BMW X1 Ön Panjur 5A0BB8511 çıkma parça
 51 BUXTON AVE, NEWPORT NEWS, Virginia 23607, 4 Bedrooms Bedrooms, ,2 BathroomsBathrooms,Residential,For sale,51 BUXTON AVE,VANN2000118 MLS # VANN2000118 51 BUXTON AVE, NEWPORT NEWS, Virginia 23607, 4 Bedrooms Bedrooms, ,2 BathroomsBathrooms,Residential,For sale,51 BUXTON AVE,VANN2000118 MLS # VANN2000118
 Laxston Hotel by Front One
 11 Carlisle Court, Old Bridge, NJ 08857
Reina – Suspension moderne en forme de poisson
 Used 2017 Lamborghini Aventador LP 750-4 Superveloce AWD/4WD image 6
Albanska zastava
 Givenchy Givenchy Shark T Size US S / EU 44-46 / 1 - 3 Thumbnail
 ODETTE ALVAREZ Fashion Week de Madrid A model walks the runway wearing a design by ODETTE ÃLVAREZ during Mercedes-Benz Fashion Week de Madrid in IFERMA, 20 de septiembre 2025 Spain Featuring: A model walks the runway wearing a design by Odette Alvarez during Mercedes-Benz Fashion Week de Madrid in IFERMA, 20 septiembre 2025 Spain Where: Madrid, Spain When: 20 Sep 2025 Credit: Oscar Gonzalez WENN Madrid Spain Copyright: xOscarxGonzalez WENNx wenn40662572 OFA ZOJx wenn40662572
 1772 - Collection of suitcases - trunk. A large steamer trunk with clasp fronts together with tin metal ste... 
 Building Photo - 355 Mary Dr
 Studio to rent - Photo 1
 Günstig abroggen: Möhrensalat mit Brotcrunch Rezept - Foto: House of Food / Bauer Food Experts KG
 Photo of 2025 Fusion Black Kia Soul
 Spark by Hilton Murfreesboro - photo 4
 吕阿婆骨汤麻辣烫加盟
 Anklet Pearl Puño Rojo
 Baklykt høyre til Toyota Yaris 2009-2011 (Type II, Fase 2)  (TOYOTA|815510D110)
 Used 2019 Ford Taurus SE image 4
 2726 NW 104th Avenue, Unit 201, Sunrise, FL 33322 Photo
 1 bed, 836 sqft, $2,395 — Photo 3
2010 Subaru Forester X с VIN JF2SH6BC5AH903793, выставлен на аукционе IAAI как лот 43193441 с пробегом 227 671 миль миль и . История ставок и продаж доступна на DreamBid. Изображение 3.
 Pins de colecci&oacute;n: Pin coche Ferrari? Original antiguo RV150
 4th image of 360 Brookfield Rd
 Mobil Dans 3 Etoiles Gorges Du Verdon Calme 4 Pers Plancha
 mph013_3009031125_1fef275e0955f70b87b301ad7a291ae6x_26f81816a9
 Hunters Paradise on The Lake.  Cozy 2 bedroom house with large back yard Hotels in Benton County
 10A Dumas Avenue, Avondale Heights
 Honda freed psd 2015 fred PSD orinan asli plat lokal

→ Task brief
Using the entries above, return each line that includes the word "with".

→ Answer below
 1772 - Collection of suitcases - trunk. A large steamer trunk with clasp fronts together with tin metal ste... 
 Hunters Paradise on The Lake.  Cozy 2 bedroom house with large back yard Hotels in Benton County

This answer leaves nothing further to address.